Usulan DPR untuk merevisi UU No 5 Tahun 1960 tentang Peratur an Dasar Pokok Pokok Agraria yang menimbulkan konflik sosial dan kekerasan ditampik Konsorsium Pembaharuan Agraria (KPA). Pasalnya, menurut KPA, konflik dan kekerasan terjadi bukan disebabkan UU PA. Tetapi, karena pemerintahan orde baru dan reformasi tidak menjalankan UU PA secara benar dan bahkan diselewengkan.
Namun, tidak dapat dipungkiri bahwa UU PA, setelah diberlakukan 52 tahun, dirasakan semakin kurang responsif. Konflik dan kerusuhan yang berakhir dengan kekerasan fisik juga salah satunya disebabkan karena masyarakat hukum adat (MHA) dan petani tidak terlindungi. Urgensi perubahan UU PA merupakan keniscayaan yang diharapkan menjawab persoalan konflik pertanahan.
Mengapa perubahan UU PA harus dilakukan? Usulan perubahan ini mengingat Tap MPR IX/2001 tentang Pembaharuan Agraria telah menjadi dasar hukumya. Maria Soemardjono menegaskan, gagasan perubahan UU PA, sebagai kebijakan politik nasional, tidak lepas dari pemikiran yang berkembang pada 1992.
Proses marjinalisasi yang dirasakan masyarakat petani dan MHA tidak dapat dicegah.

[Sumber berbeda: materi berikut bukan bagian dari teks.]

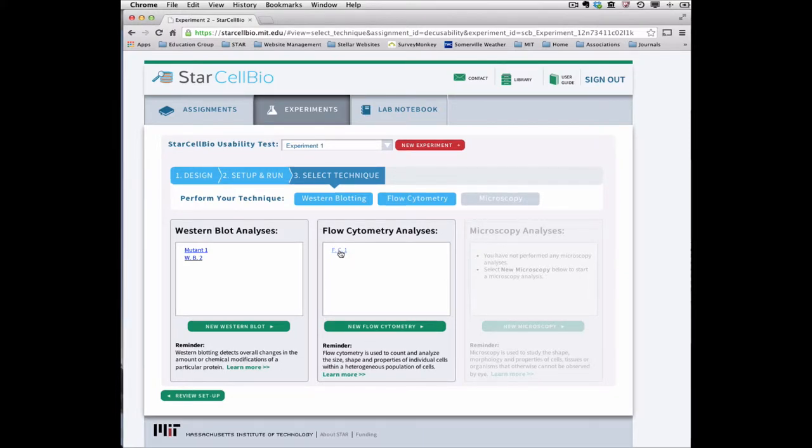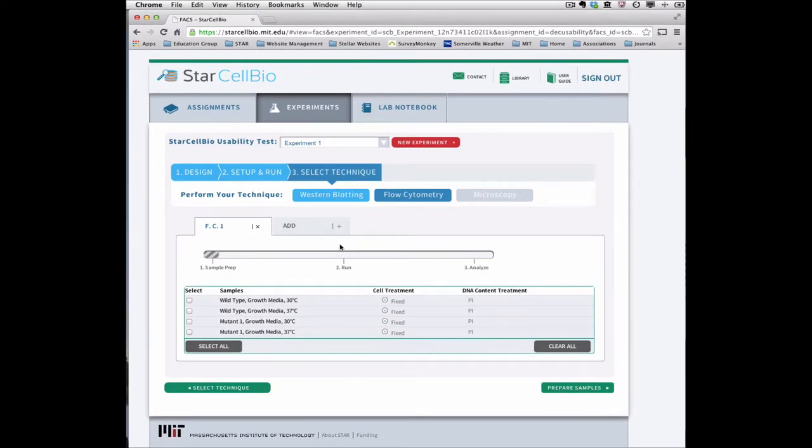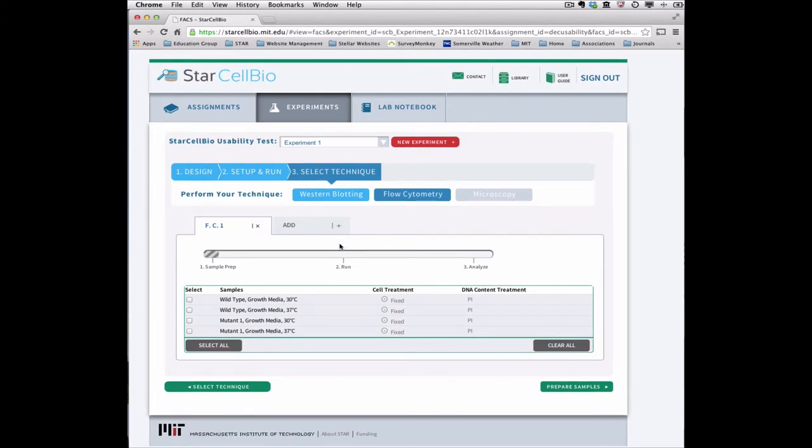Many aspects of the flow cytometry experimental technique page should look familiar to you. In particular, the flow cytometry experimental techniques are organized into tabs, and there is a progress bar displaying your progress through the three steps of a flow cytometry experimental technique.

Sebagian aturan di dalamnya kurang cukup efektif. Ketidakmampuan menghadapi era globalisasi dan pelaksanaan otonomi daerah (Arie S Hutagalung 2005:17) serta perlunya paradigma desentralisasi, dekonsentrasi, dan medebewind dalam pengaturan agraria tidak dapat diabaikan (Nurhasan Ismail 2000: 33).

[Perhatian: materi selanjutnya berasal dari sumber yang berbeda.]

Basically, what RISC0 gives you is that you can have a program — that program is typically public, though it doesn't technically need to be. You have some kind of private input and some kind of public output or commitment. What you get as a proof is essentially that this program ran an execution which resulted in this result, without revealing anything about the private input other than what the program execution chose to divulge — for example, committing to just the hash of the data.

Keberlangsungan UU PA yang telah menyuarakan visi-misi bangsa dan negara diupayakan untuk menciptakan warga negara yang makmur dan sejahtera. Undangundang ini hendak mewujudkan tujuannya melalui pendistribusian tanah.
Bukan Peraturan Dasar
Sejak era reformasi 1999, dualisme pemberlakuan hukum tanah terjadi. Dan, ini justru menimbulkan ketidakpastian hukum akibat kebijakan pemerintah pusat dan daerah yang kurang sejalan. Pemberlakuan UU No 32 Tahun 2004, khususnya Pasal 11 yang mengamanatkan pendirian Dinas Pertanahan di tingkat pemerintah kabupaten/kota dan pemerintahan provinsi, menimbulkan ketidakpastian hukum. Otonomi daerah tampaknya telah menuntut pengurusan tanah menjadi kewenangan pemerintah daerah.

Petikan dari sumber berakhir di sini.